Newcomers to Australia often notice how many Christian churches are spread over our cities and countryside.  They also notice that the great Christian feasts of Christmas and Easter are public holidays.

People coming from Europe, the Americas or Africa are used to seeing Christian churches and like many Australians tend to take such facts for granted.

However serious Christians, not just those who belong to the various Christian tribes, Catholic, Orthodox, Anglican, Protestant also notice something else.  Much of the decorations and celebrations for Christmas or Easter have little to do with the Christian story.

Our society is happily multicultural.  We get on with one another pretty well, and we must work to treat everyone with justice and civility.  But 70 per cent of Australians describe themselves as Christian and it seems proper that Christian symbols are visible and Christian pageants performed publicly at these times of good will.

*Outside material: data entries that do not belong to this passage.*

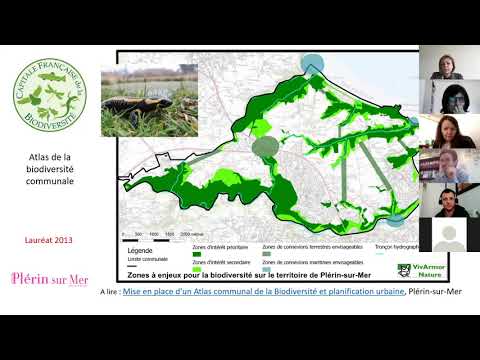 Видео: Водно-зелёный городской каркас и природа в городе: примеры реализованных проектов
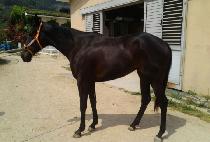 ���Ƿ��� (HAPPY LOVE) ����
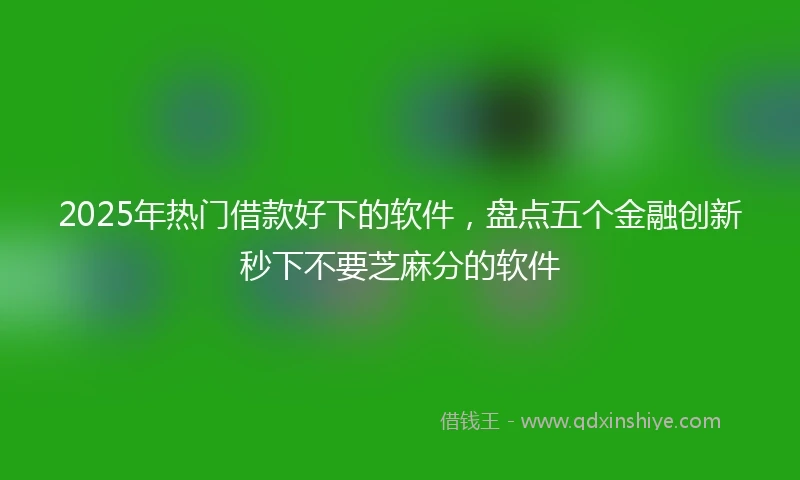 2025年热门借款好下的软件，盘点五个金融创新秒下不要芝麻分的软件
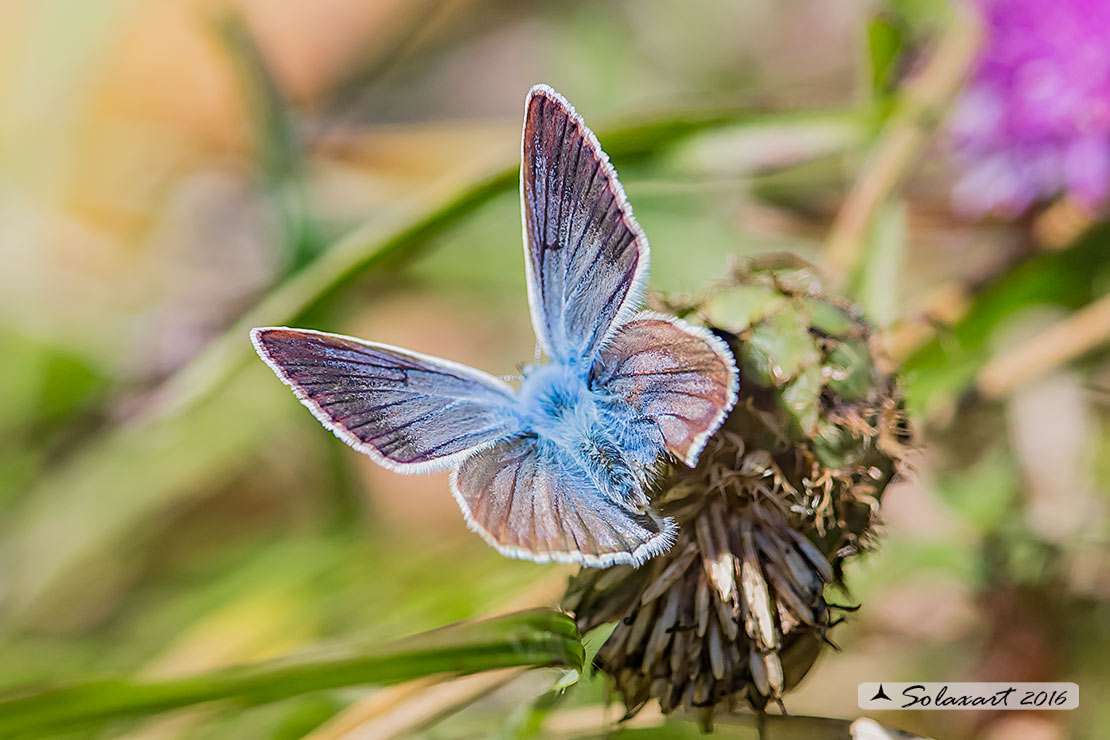 Lycaenidae - Aricia eumedon (???) No, Polyommatus (Agrodiaetus) damon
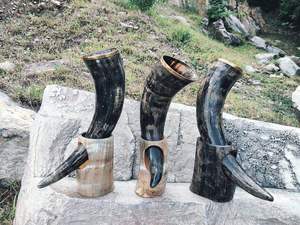 Corne à boire naturelle avec support de corne Corne de Viking Taille personnalisée PAR HF CRAFTS - Product Image 4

Seventeen per cent of Australians follow no religion but Christmas decorations should be no more offensive to them than rugby union advertising is to followers of other codes, and less offensive than a lot of crude and suggestive advertising is to people of all persuasions.

It is often people with no religious enthusiasms, rather than people of other faiths, who object to Christmas and Easter decorations, or secularise them with bland expressions of good will, “Season’s Greetings” rather than Christmas good wishes.

Why is it that many Christians have become timid about public expressions of their faith?  It is something of a mystery.  We all date the calendar from the time Christ was born (even if the calculations are out somewhat).   Christians add B.C. (before Christ) for e.g. when Moses was born and A.D. (anno Domini, the year of the Lord) for any time after Christ’s death.  It is traditional and easy.  Yet I have known Catholic institutions to insist on C.E. and B.C.E., referring to the Common Era!

To a large extent the media and higher education are dominated by people with little or no religion.  A few are anti-religious, even anti-Christian, and they have a right to their views.  Some want to confine Christian religious expression to private living, but it is imperative that Christians resist this.  Christianity has public consequences; most of them more important than Christmas decorations, but these are useful, appropriate and non-offensive too.

Nativity plays are appropriate in Australian schools and preschools.  For those who do not believe, and wish to attend or participate, they are beautiful expressions of altruism, beautiful “myths” at the core of Western life.  Christmas trees are appropriate in our shopping centres and squares.

Nor should active Christians rely on politicians and journalists who no longer believe, but love the Christmas story, to defend the celebration of Christmas in our public life and public places.  It is first of all a Christian task to keep Christ in the Christmas (and Easter) celebrations.